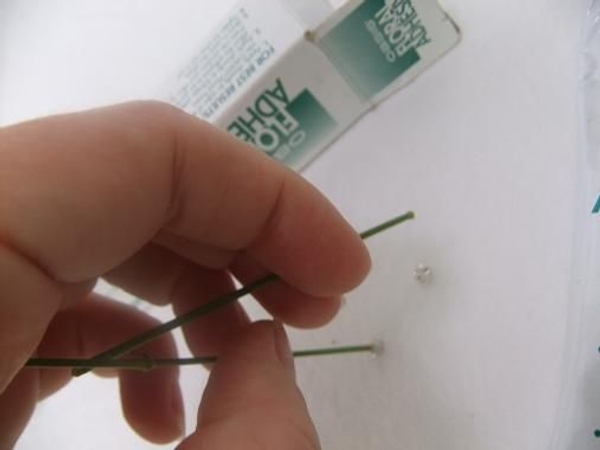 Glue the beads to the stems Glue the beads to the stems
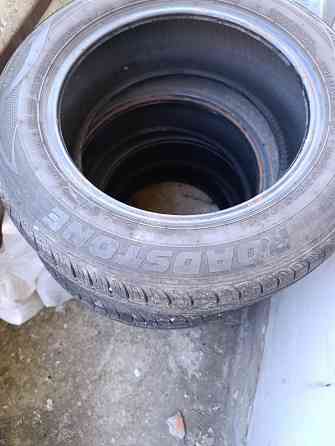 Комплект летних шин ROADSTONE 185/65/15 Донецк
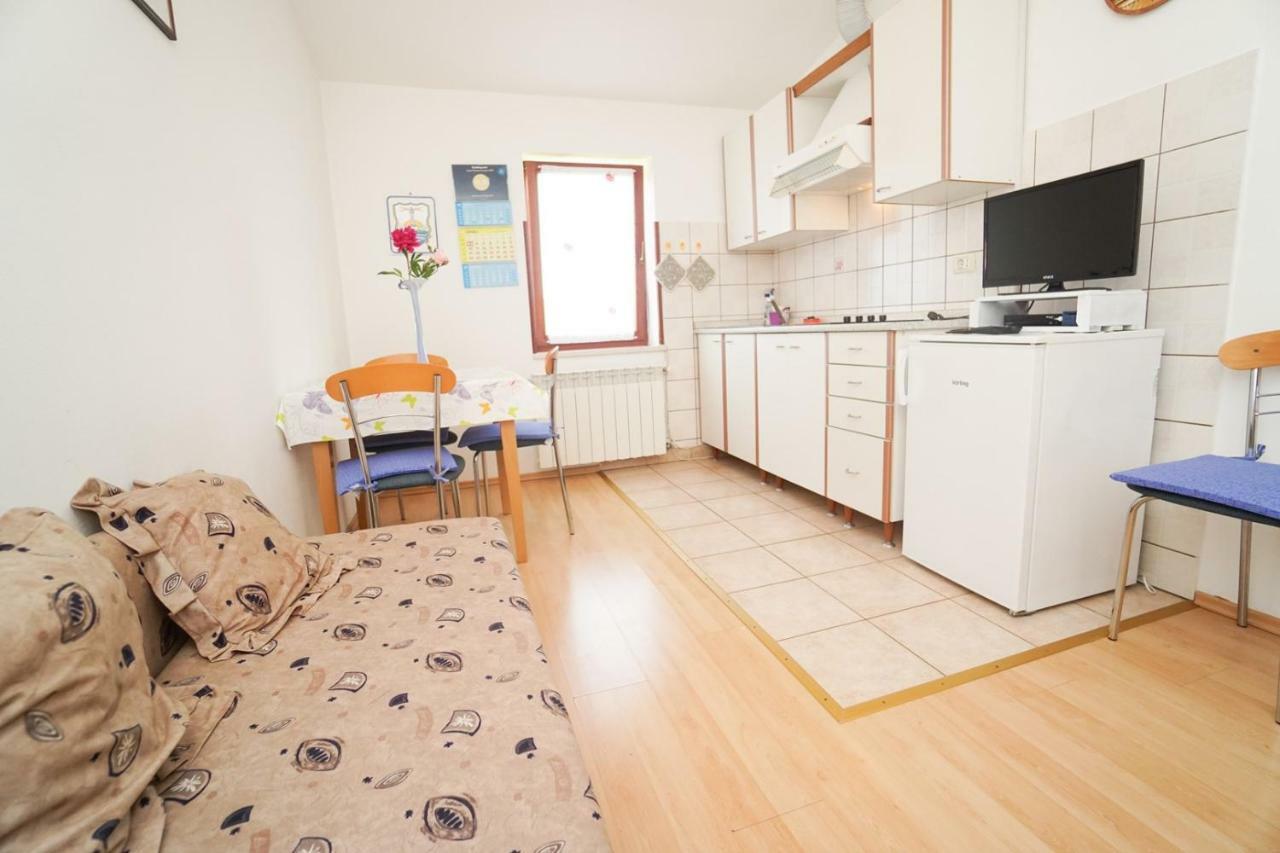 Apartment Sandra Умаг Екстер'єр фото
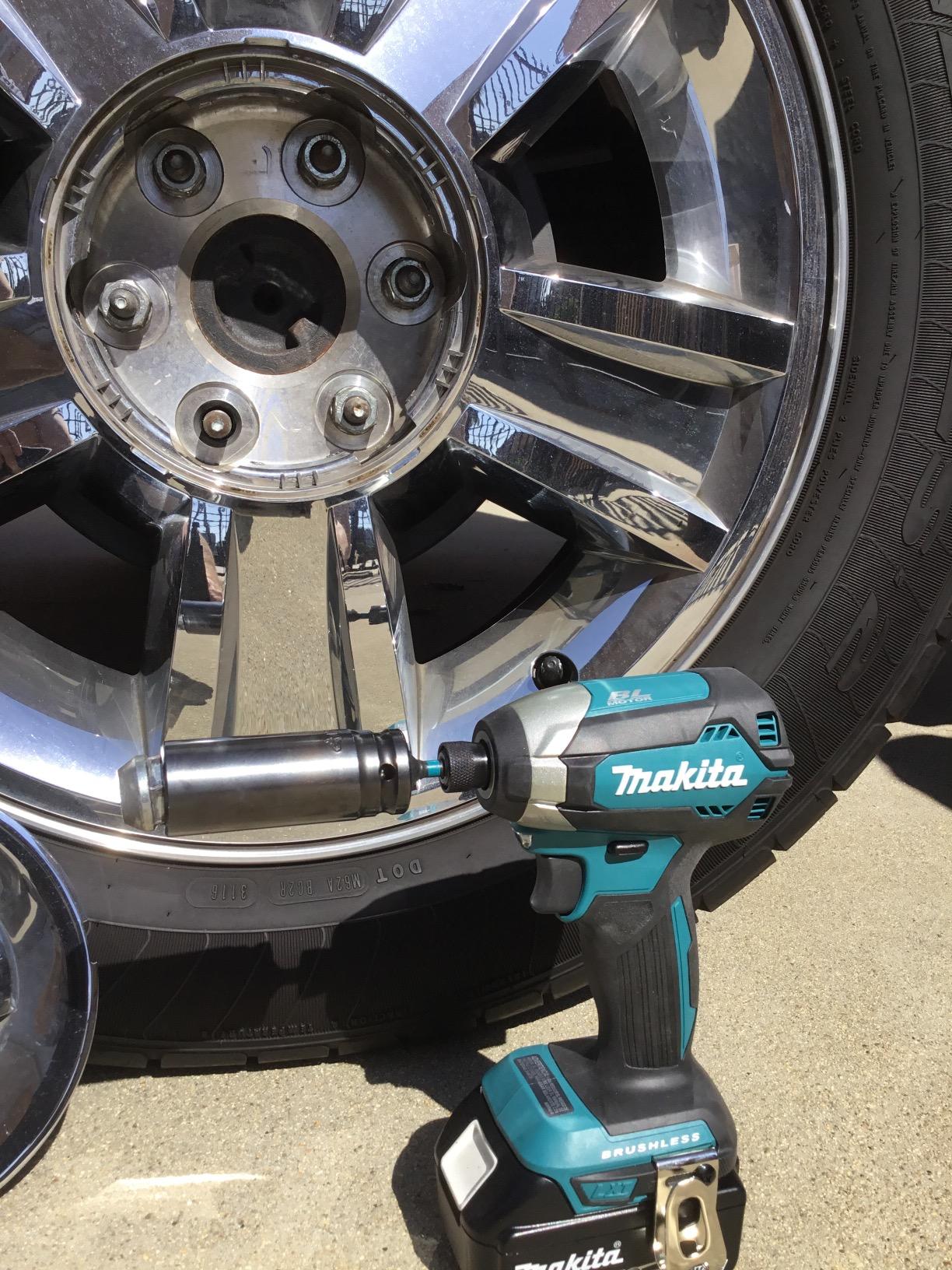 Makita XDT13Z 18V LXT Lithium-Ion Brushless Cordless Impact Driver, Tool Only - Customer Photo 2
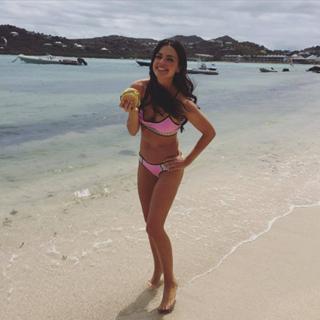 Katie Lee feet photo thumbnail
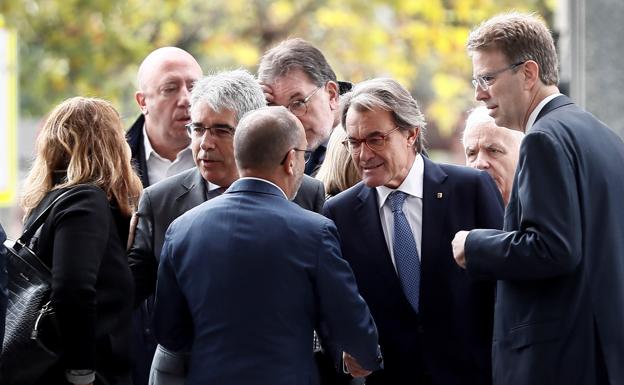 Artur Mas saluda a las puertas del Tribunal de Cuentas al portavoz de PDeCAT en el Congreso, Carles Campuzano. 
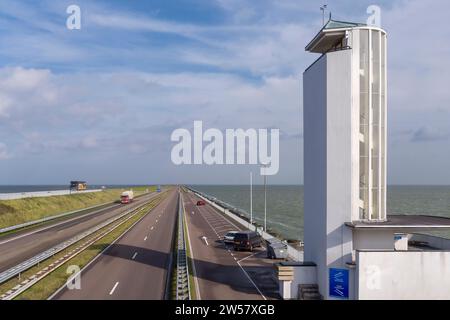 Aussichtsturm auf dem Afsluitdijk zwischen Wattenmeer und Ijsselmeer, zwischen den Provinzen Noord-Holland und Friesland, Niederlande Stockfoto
---
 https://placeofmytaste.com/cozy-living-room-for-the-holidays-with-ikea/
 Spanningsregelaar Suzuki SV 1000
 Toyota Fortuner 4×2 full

TASK INSTRUCTIONS - Copy nothing but the lines above that run from the one with "Makita XDT13Z 18V" to the one with "Aussichtsturm auf dem", ends included; pictures stay out.

RESULT OF THE TASK -
 Makita XDT13Z 18V LXT Lithium-Ion Brushless Cordless Impact Driver, Tool Only - Customer Photo 2
 Katie Lee feet photo thumbnail
 Artur Mas saluda a las puertas del Tribunal de Cuentas al portavoz de PDeCAT en el Congreso, Carles Campuzano. 
 Aussichtsturm auf dem Afsluitdijk zwischen Wattenmeer und Ijsselmeer, zwischen den Provinzen Noord-Holland und Friesland, Niederlande Stockfoto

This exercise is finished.